They are not rational -- except for \(x_0(n), x_1(n)\) they are not even in the field \(\mathbb{Q}[\pi]\). Since \(\pi\) is not a Liouville number, \(x_0(n)\) is not a Liouville number, and I suspect \(x_1(n)\) can be proven not to be, while I form no opinion on \(x_2(n)\) or the non-trivial solutions to \(\sin x = x \cos x\).

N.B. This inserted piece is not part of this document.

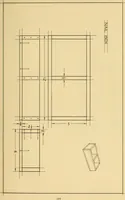 An illustration from Correlated courses in woodwork and mechanical drawing (1912)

I'll rephrase: whether you try rational or non-rational approximations to solutions of \( x\,cos\,x - sin\,x = 0 \), they are multiples of \( \pi \). But modulo \( \pi \), say, is there any connection between rational approaches (as I tried on a calculator) or ones like yours, and Liouville's theorem? Since it seems that the solutions must be irrational multiples of \( \pi \)? Another observation: the plot of \( x\,cos\,x \cup sin\,x \) shows there is a region around x = 0 where the two curves almost coincide. And the sin curve intersects all the extrema of x cos x where x ≠ 0 (of course). Courtesy of Wolfram: Please Register or Log in to view the hidden image! So now we can compare say the integrals of sin x and x cos x from 0 to \( \frac {\pi }{n},\, n = 1,2,3, ... \). As n gets larger and the interval smaller the integrals should converge.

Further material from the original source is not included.